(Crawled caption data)
* * * * * * * * *

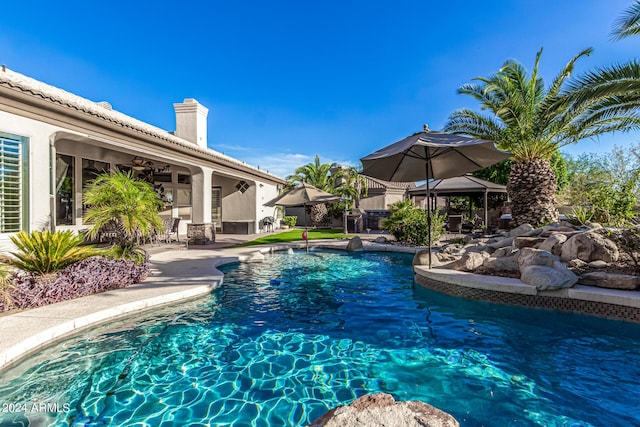 outdoor pool featuring a patio and a ceiling fan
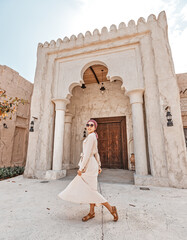 Wall Mural - Woman tourist wearing red turban and biege long dress walks through the old narrow streets of Bur Dubai and Creek. Travel and sightseeing concept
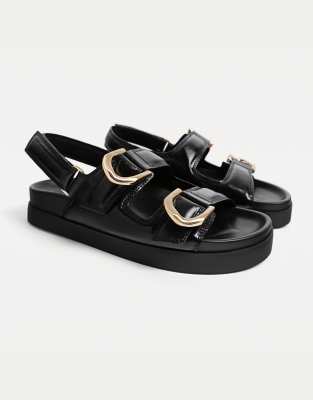 Stradivarius Wide Fit - Flache Slider-Sandalen in Schwarz mit Schnallen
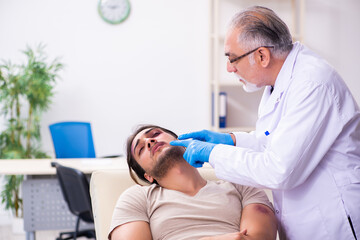 Young face injured man visiting experienced male doctor traumato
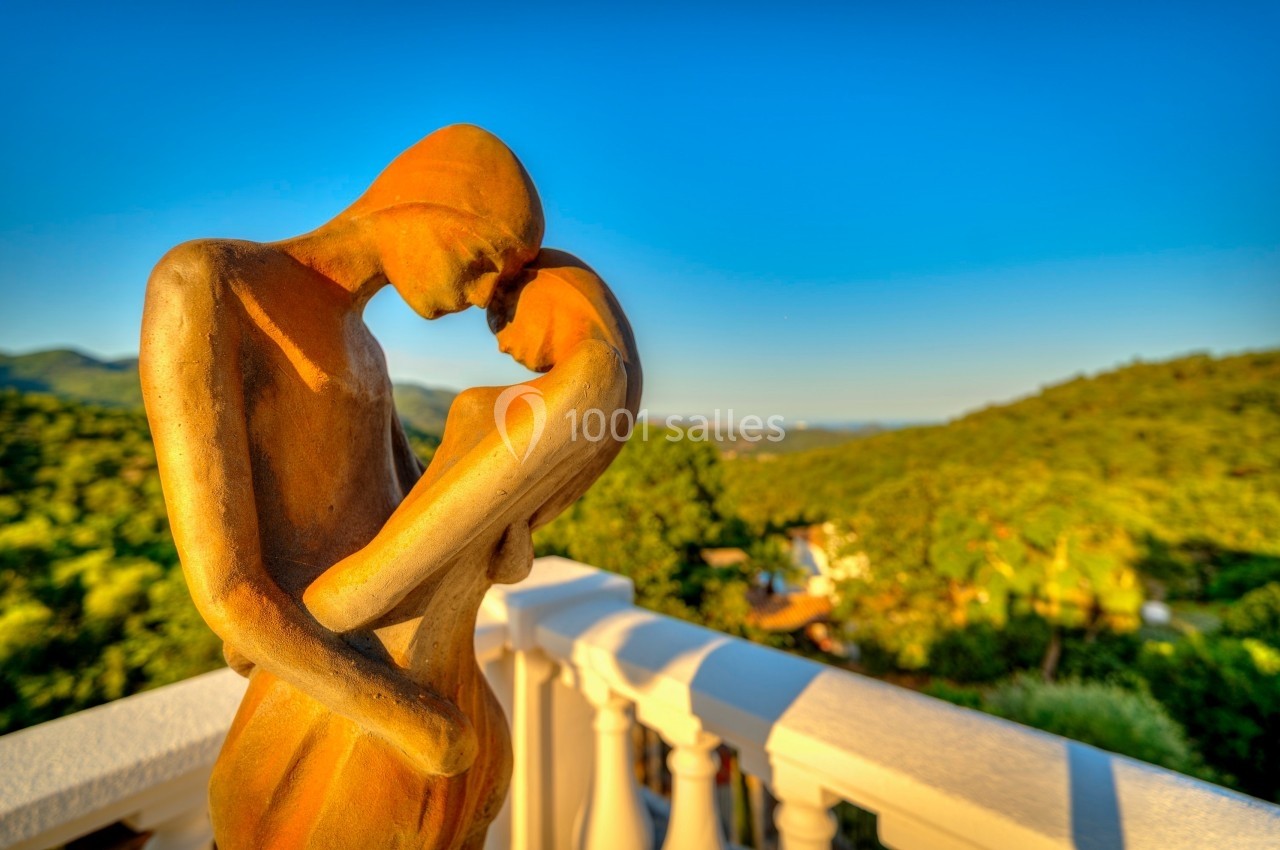 Statue en bronze représentant un couple s'enlaçant, placée sur une terrasse avec vue sur un paysage verdoyant.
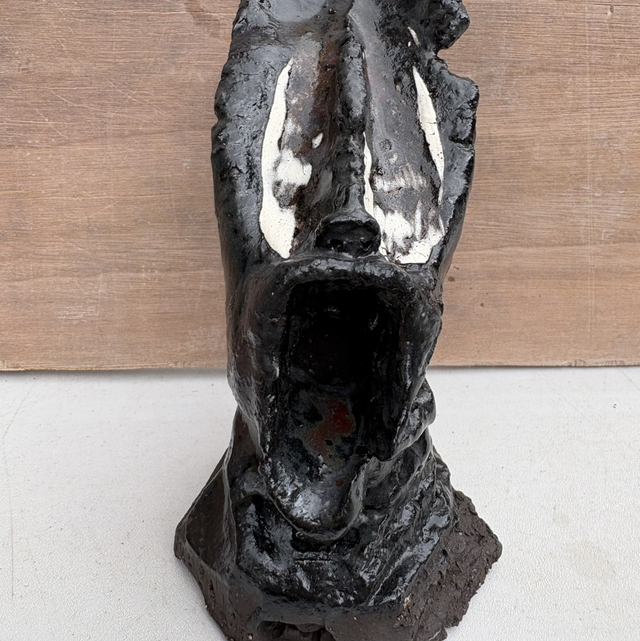 Untitled black and red ceramic figurine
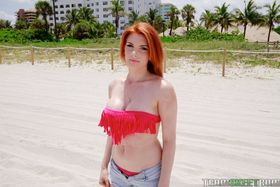 Redhead bombshell Rainia Belle flashing with her round melons and amazing ass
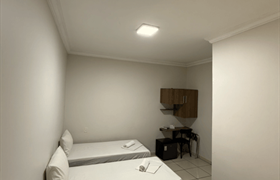  Quarto com 3 camas de solteiro do Hotel Astoria Palmas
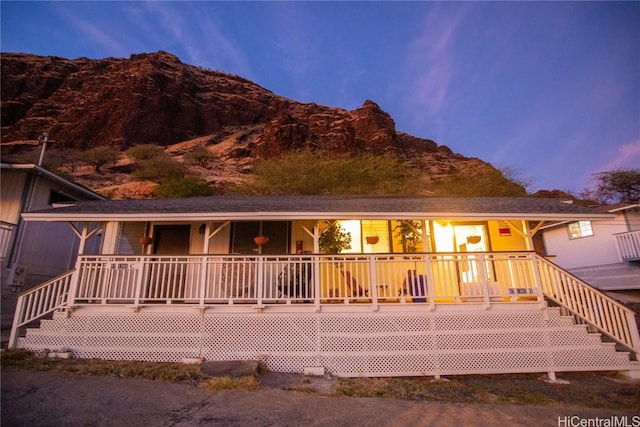 view of front of property with a mountain view and covered porch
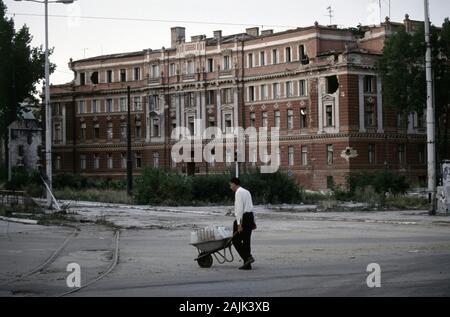 17th August 1993 During the Siege of Sarajevo: a weary man pushes a wheelbarrow loaded with containers filled with water past the bomb-damaged Supreme Court building. Stock Photo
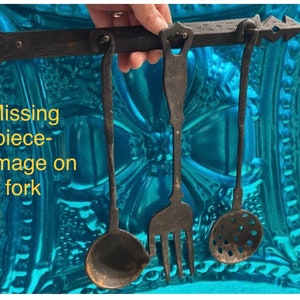 May include: A set of three antique kitchen utensils hanging on a wooden rack. The utensils include a ladle, a fork, and a slotted spoon. The fork has a missing piece, showing signs of damage.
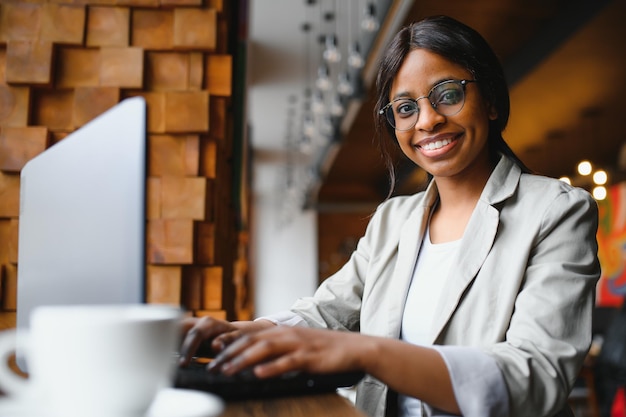 Colpo alla testa ritratto di felice sorridente donna afroamericana seduta al tavolo in caffè guardando la fotocamera eccitata femmina in posa lavorando al computer facendo i compiti preparando il rapporto in caffè
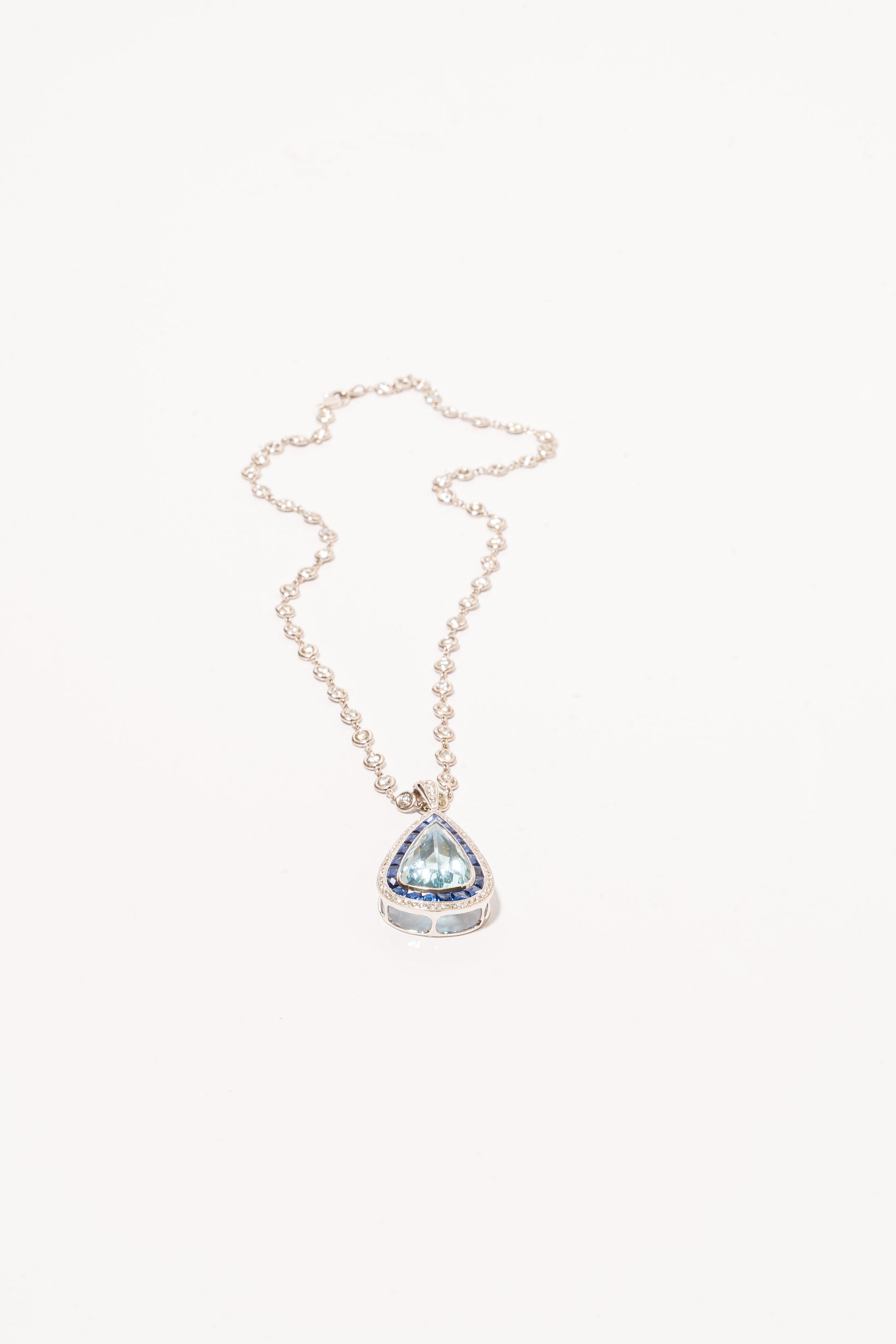 A photo of Pear-Shaped Aquamarine Pendant with sapphires and diamonds on a white gold diamond necklace. 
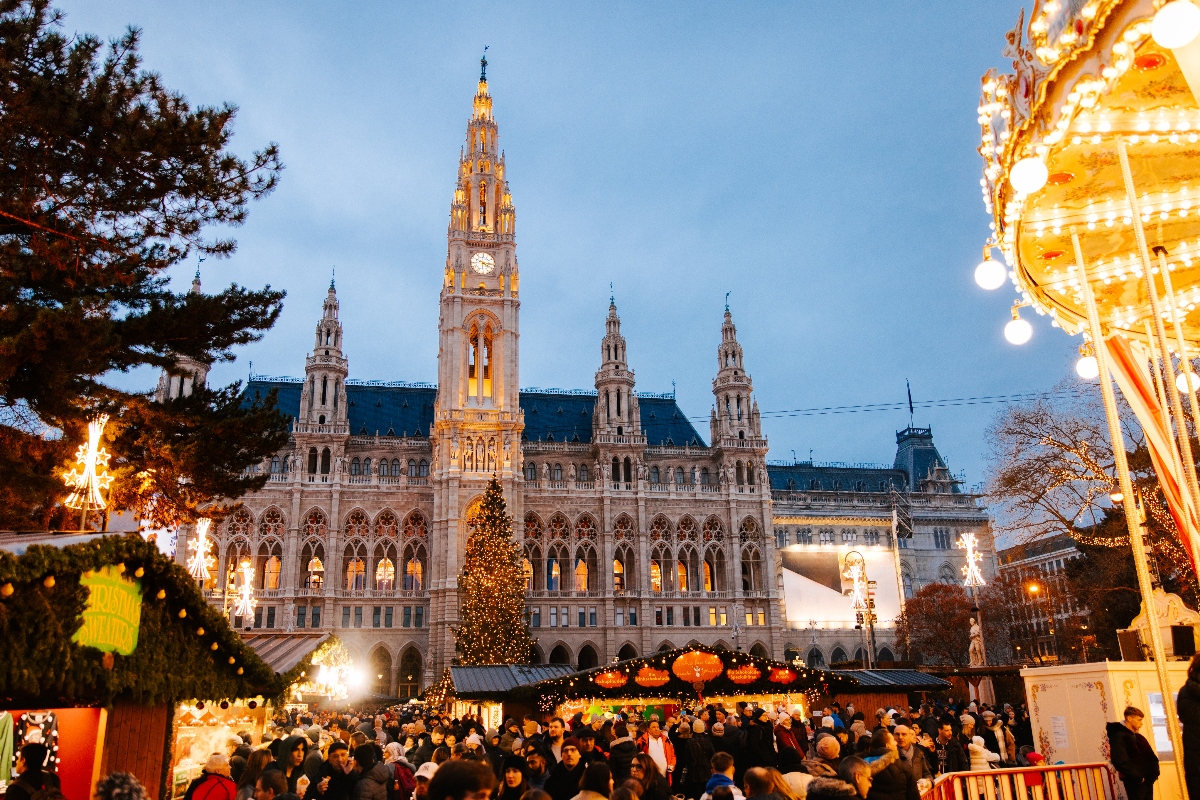 A Gothic Revival building with a prominent central spire and clock tower stands illuminated against the evening sky, with four smaller matching spires flanking the main structure. In front of the building, a large Christmas market bustles with crowds of people among wooden market stalls, featuring a tall decorated Christmas tree and carnival rides including a brightly lit carousel on the right side.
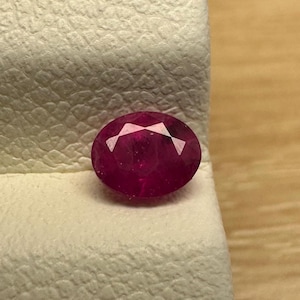 Puede incluir: Gema de rubí ovalada y facetada. El rubí es de color rojo intenso y vibrante y se muestra sobre una superficie texturizada de color blanco roto. La gema se encuentra sobre un fondo de madera.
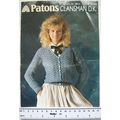 1983 Patons 7145 v neck cardigan in lace patter...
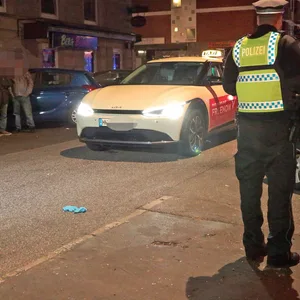 Polizisten untersuchen das Taxi nach dem Unfall auf dem Hamburger Berg.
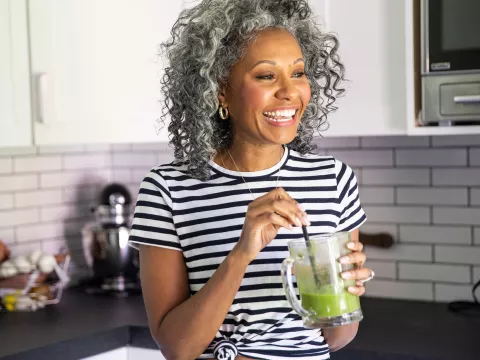 A woman drinking a healthy green smoothie in her kitchen.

* * * * * * * * *

▸ Prompt: In the records above, find the line with "Young face injured" and the line with "A photo of Pear-Shaped"; please transcribe exactly those two lines and all lines between them, omitting any picture.

▸ Your response:
 Young face injured man visiting experienced male doctor traumato
 Statue en bronze représentant un couple s'enlaçant, placée sur une terrasse avec vue sur un paysage verdoyant.
 Untitled black and red ceramic figurine
 Redhead bombshell Rainia Belle flashing with her round melons and amazing ass
  Quarto com 3 camas de solteiro do Hotel Astoria Palmas
 view of front of property with a mountain view and covered porch
 17th August 1993 During the Siege of Sarajevo: a weary man pushes a wheelbarrow loaded with containers filled with water past the bomb-damaged Supreme Court building. Stock Photo
 May include: A set of three antique kitchen utensils hanging on a wooden rack. The utensils include a ladle, a fork, and a slotted spoon. The fork has a missing piece, showing signs of damage.
 Colpo alla testa ritratto di felice sorridente donna afroamericana seduta al tavolo in caffè guardando la fotocamera eccitata femmina in posa lavorando al computer facendo i compiti preparando il rapporto in caffè
 A photo of Pear-Shaped Aquamarine Pendant with sapphires and diamonds on a white gold diamond necklace. 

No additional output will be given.